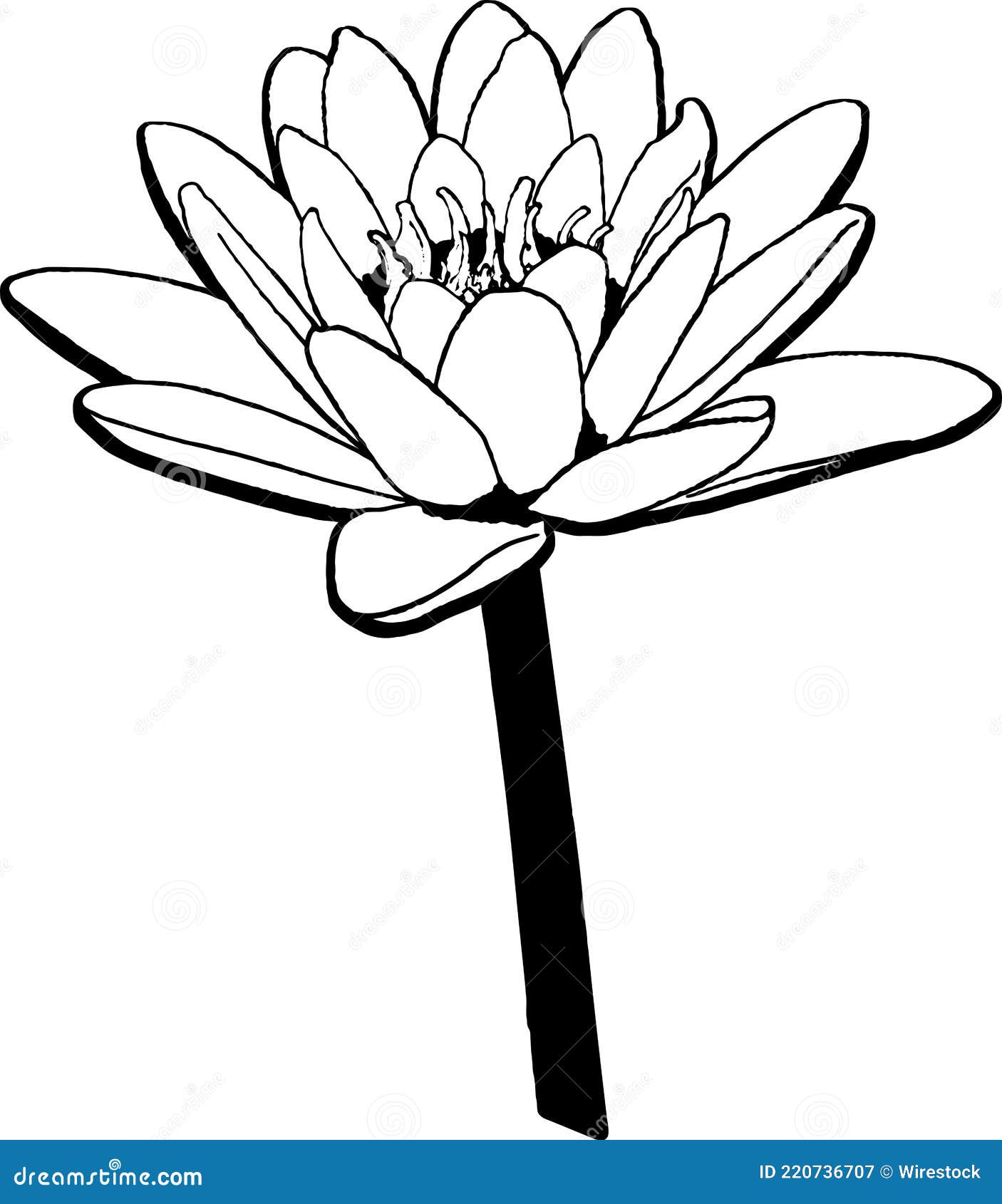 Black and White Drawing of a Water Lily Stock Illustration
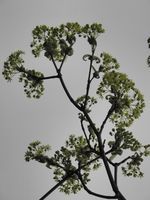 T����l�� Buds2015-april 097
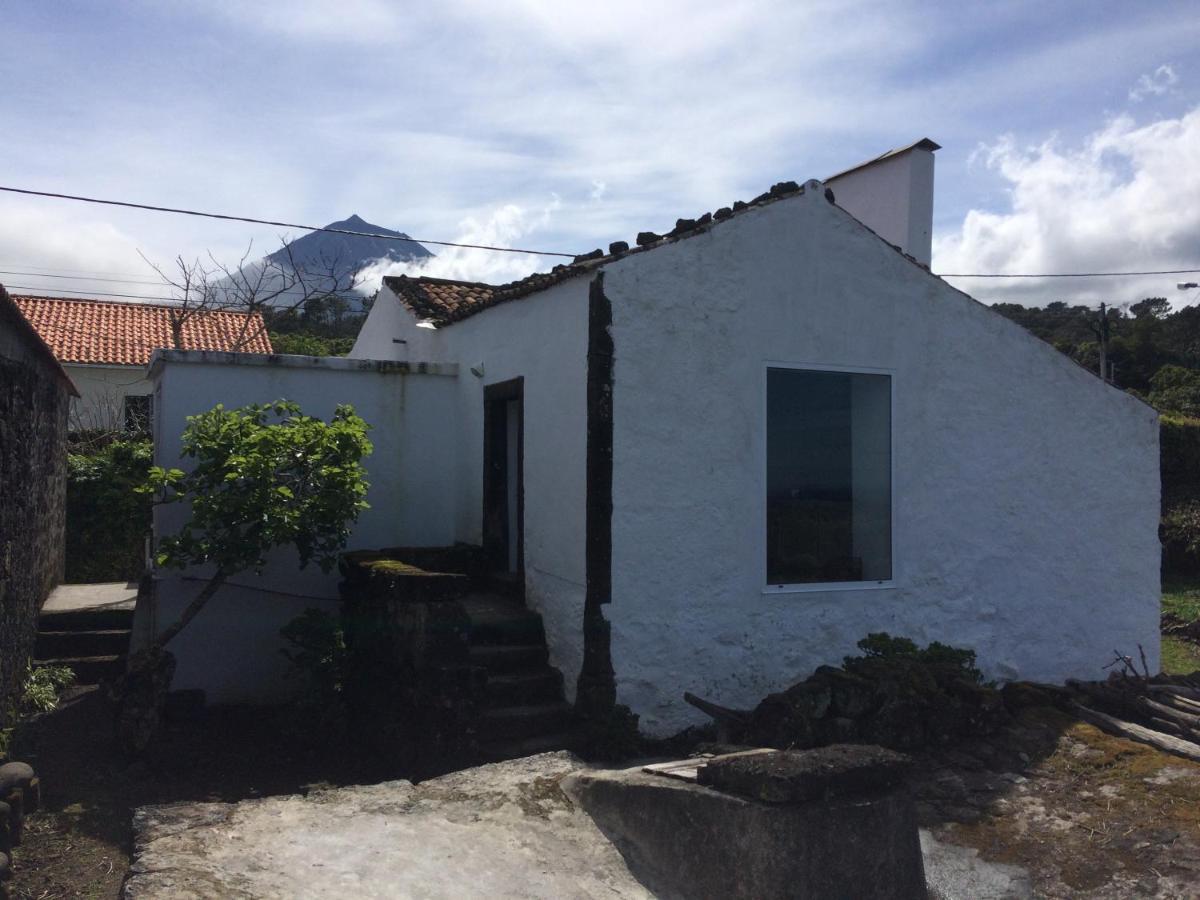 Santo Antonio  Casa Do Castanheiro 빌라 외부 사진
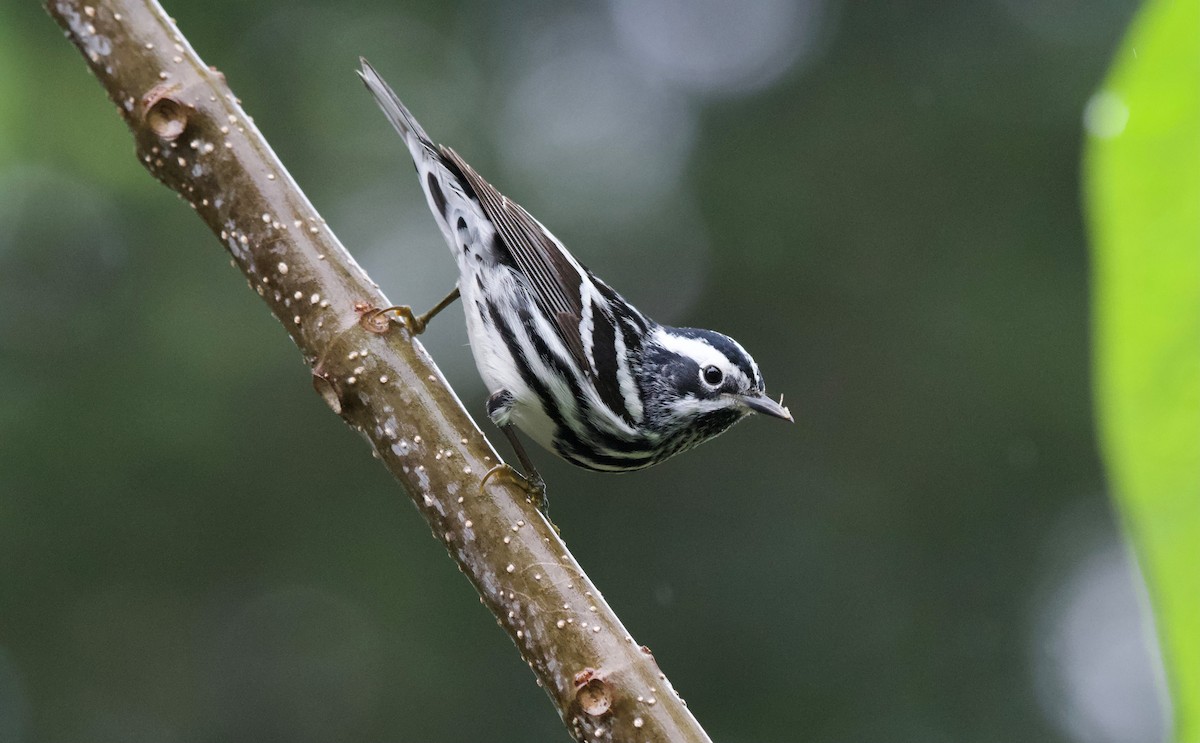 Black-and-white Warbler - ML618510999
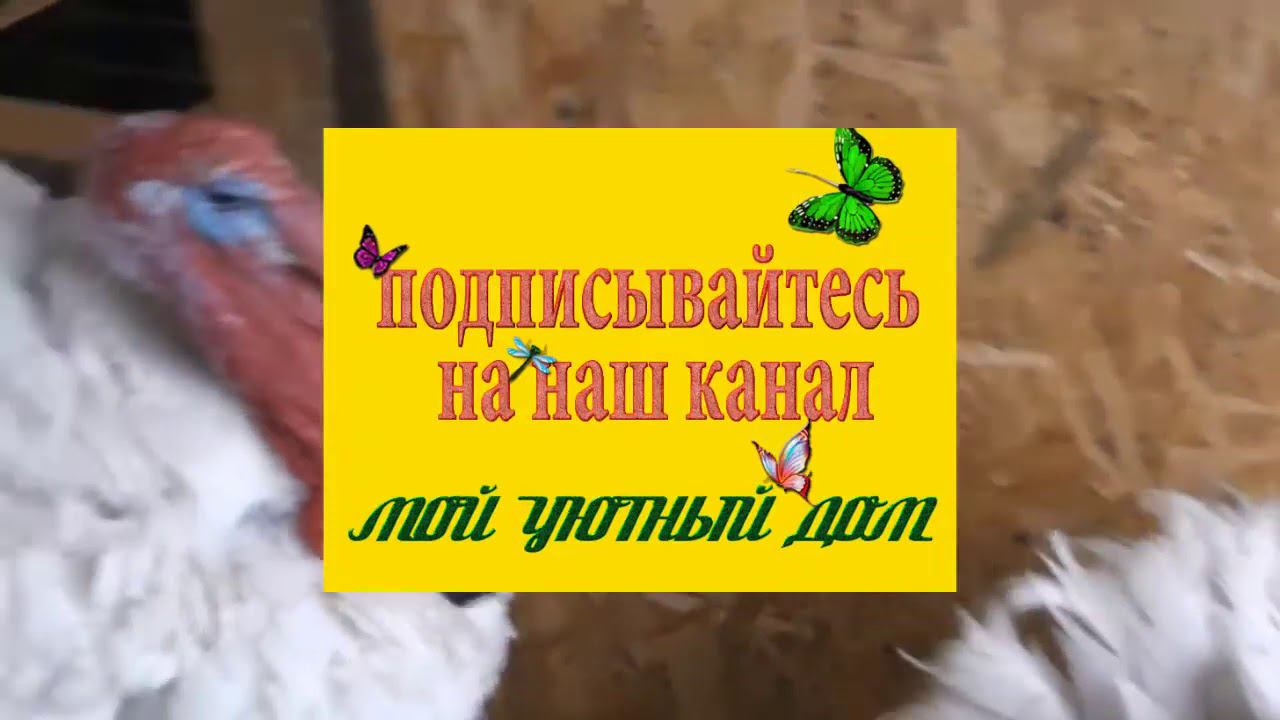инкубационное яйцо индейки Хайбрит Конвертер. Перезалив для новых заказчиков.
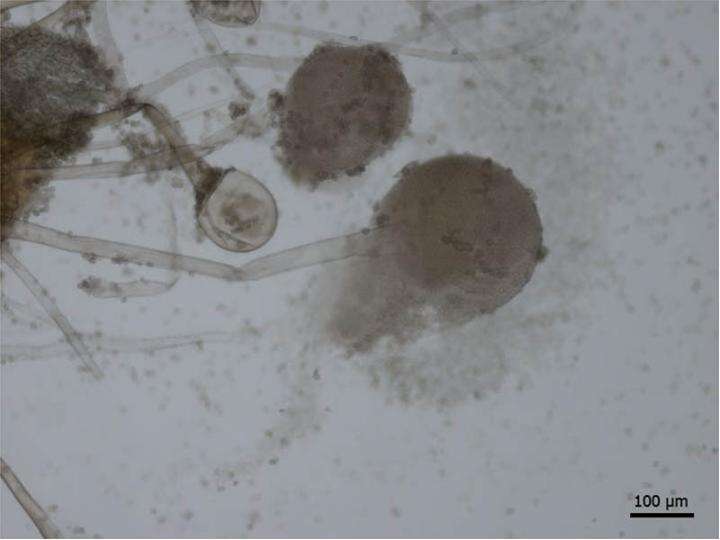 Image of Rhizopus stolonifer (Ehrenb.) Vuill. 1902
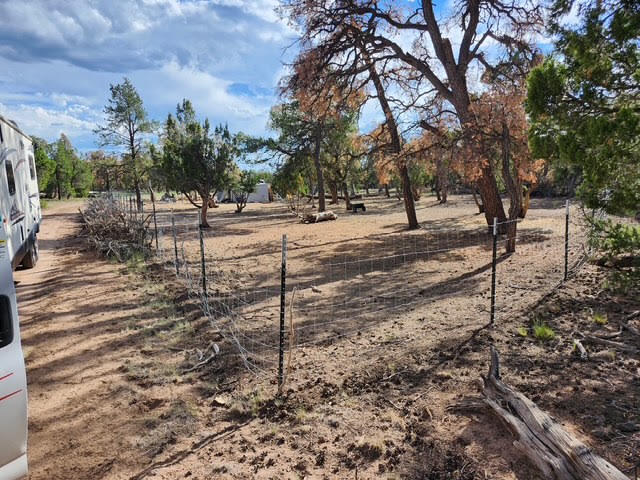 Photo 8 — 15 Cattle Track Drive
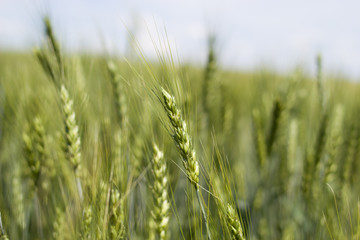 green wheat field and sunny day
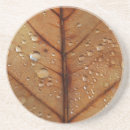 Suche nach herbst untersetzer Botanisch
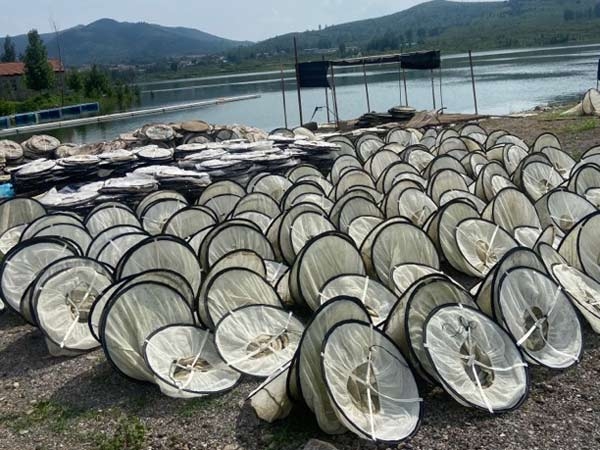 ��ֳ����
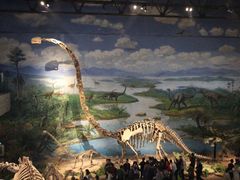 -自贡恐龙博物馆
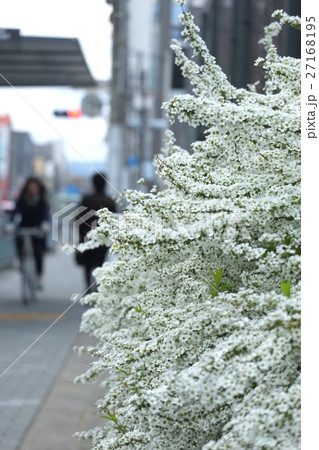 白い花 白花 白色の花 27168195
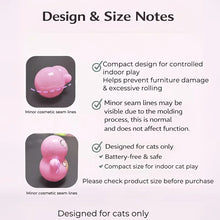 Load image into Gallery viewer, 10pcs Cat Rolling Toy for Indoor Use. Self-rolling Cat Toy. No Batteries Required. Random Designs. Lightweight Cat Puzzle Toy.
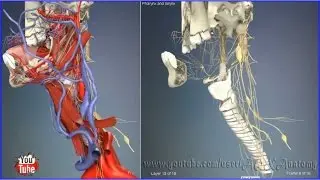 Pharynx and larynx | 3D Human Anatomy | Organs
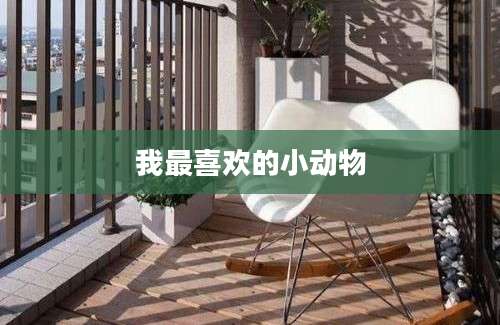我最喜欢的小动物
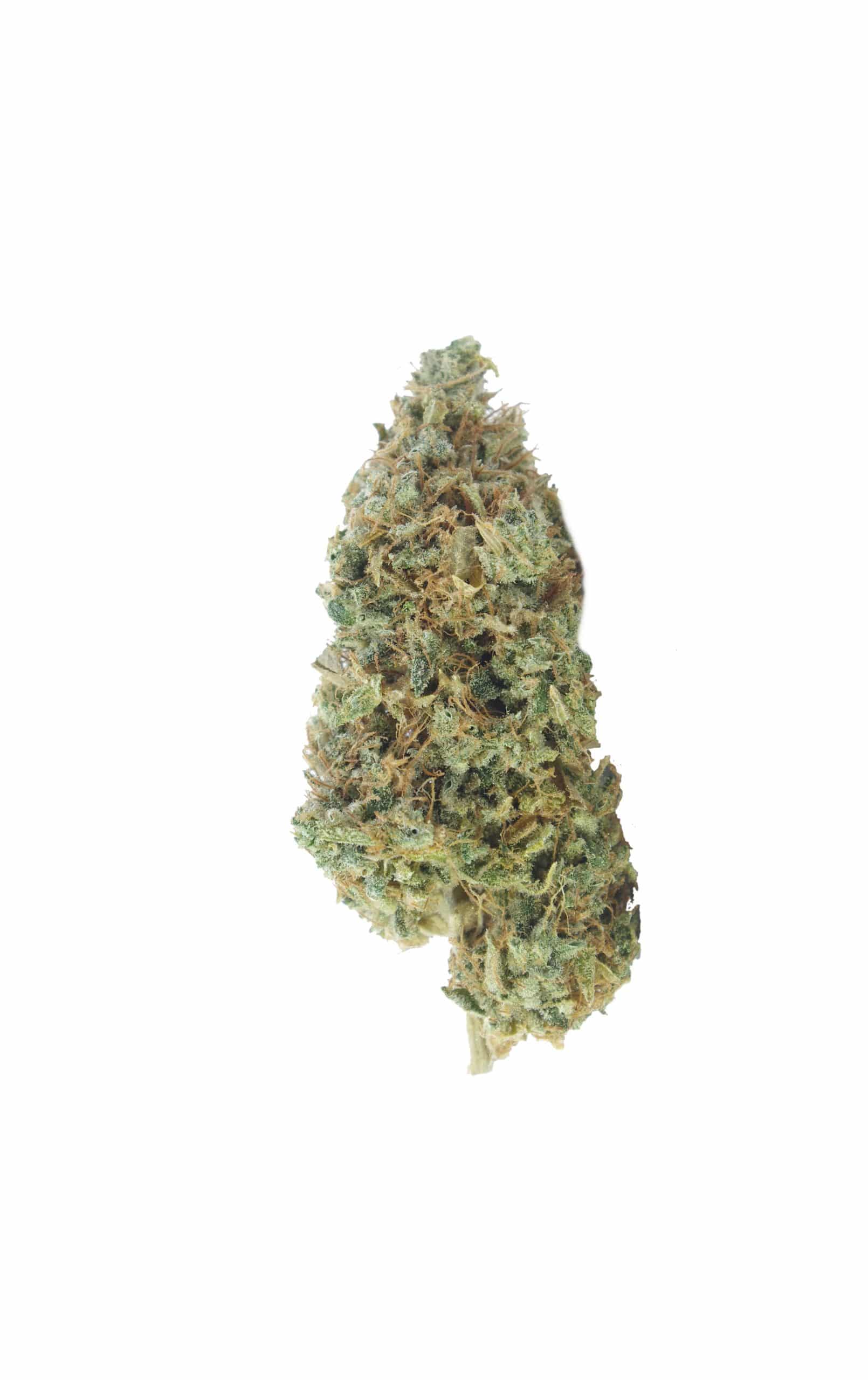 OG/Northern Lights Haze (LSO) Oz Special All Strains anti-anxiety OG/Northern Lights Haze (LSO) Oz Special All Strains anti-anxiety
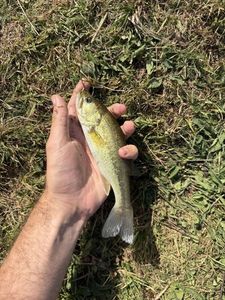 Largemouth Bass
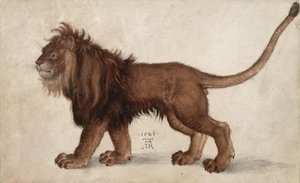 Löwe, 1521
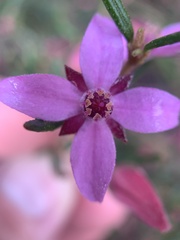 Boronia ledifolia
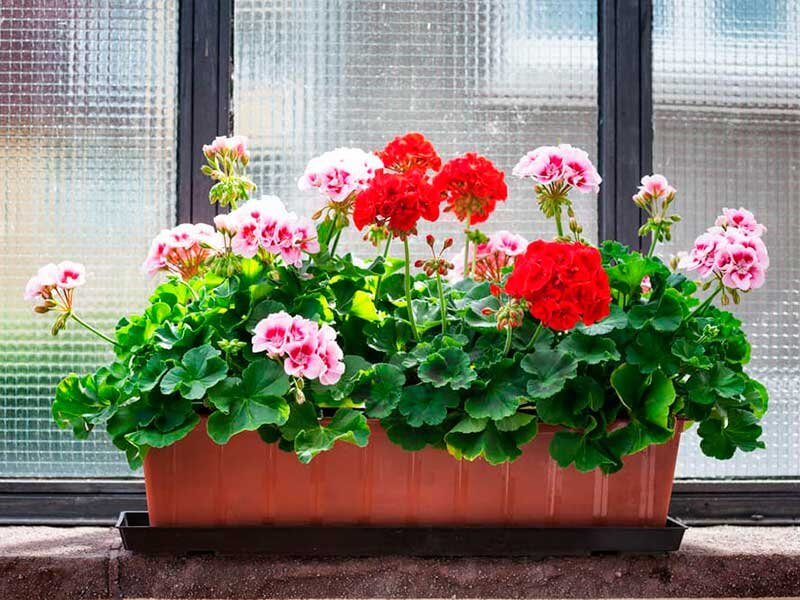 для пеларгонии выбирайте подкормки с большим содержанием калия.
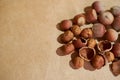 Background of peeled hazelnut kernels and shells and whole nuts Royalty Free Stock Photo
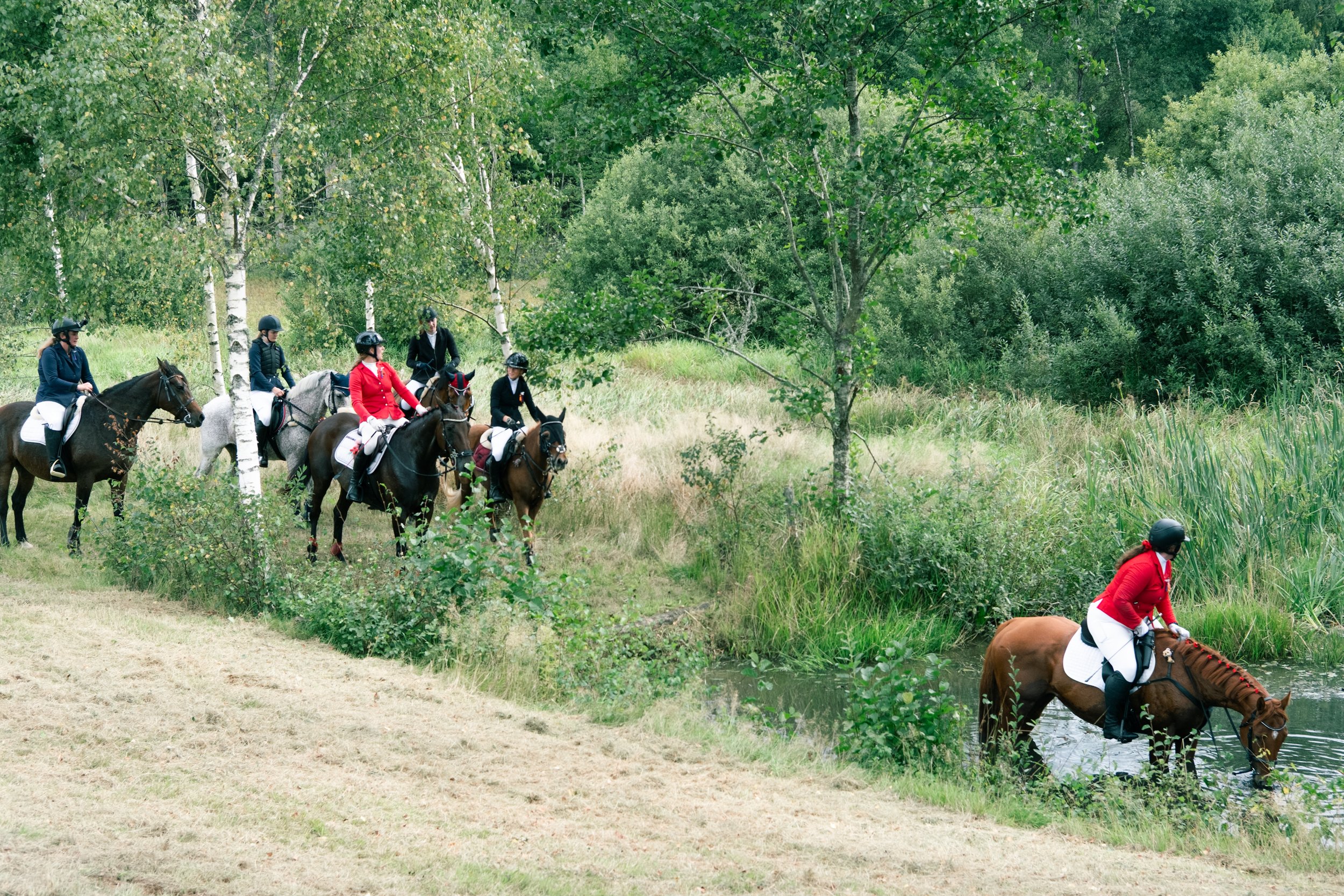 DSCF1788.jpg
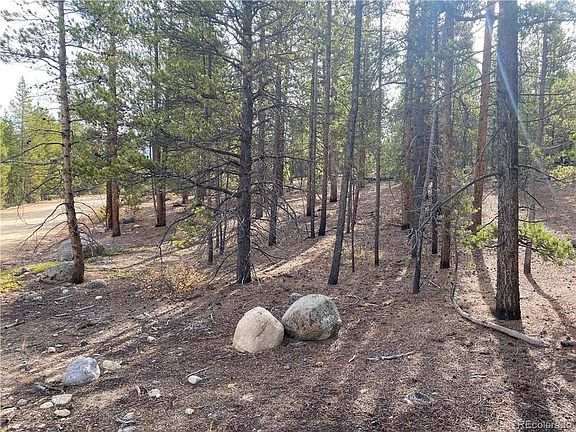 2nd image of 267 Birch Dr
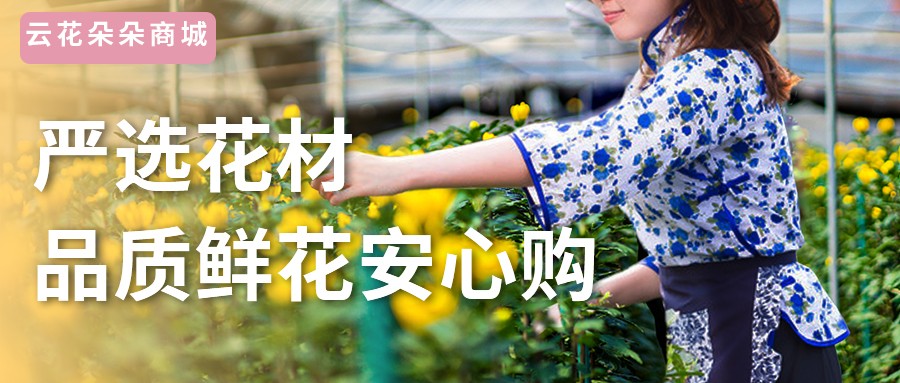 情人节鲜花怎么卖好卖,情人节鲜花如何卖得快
━━━━━━━━━━━━━━━━
The problem = Once the line with "Castanheiro 빌라 외부 사진" is found in the data above, reproduce it and each line after it exactly, through the line with "白い花 白花 白色の花 27168195". Omit the pictures.

Solution =
 Santo Antonio  Casa Do Castanheiro 빌라 외부 사진
 Black-and-white Warbler - ML618510999
инкубационное яйцо индейки Хайбрит Конвертер. Перезалив для новых заказчиков.
 Image of Rhizopus stolonifer (Ehrenb.) Vuill. 1902
 Photo 8 — 15 Cattle Track Drive
 green wheat field and sunny day
 Suche nach herbst untersetzer Botanisch
 ��ֳ����
 -自贡恐龙博物馆
 白い花 白花 白色の花 27168195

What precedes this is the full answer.